**Given information:**
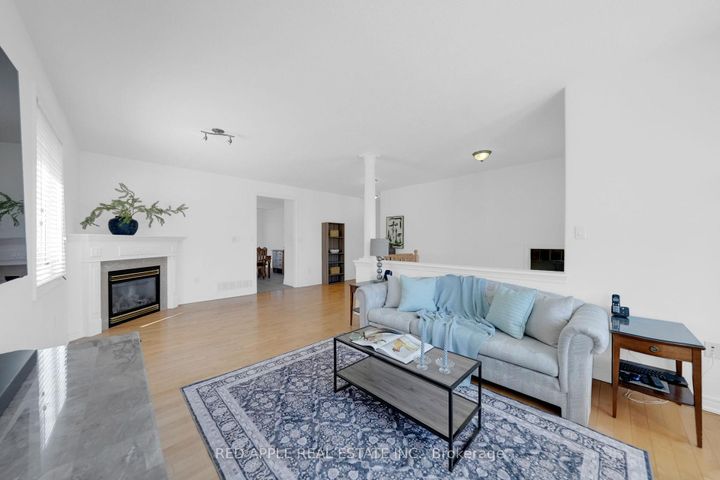 Photo 6 at 46 Bannerman Drive, Bradford, Bradford West Gwillimbury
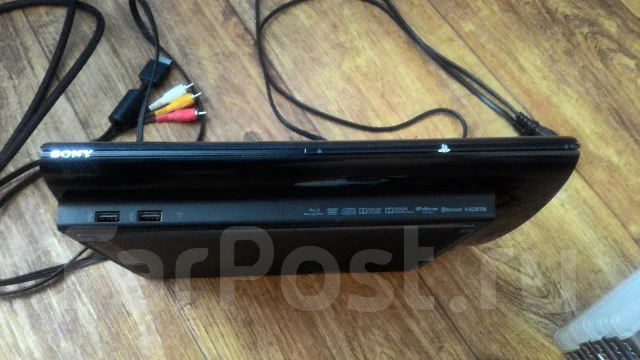 Sony PlayStation 3 Super Slim ����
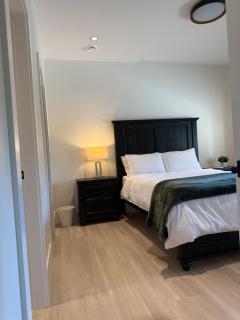 Luxury EW Bed & Breakfast - 4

**The problem:** The whole listing above must be duplicated word for word, apart from its pictures.

**Answer area:**
 Photo 6 at 46 Bannerman Drive, Bradford, Bradford West Gwillimbury
 Sony PlayStation 3 Super Slim ����
 Luxury EW Bed & Breakfast - 4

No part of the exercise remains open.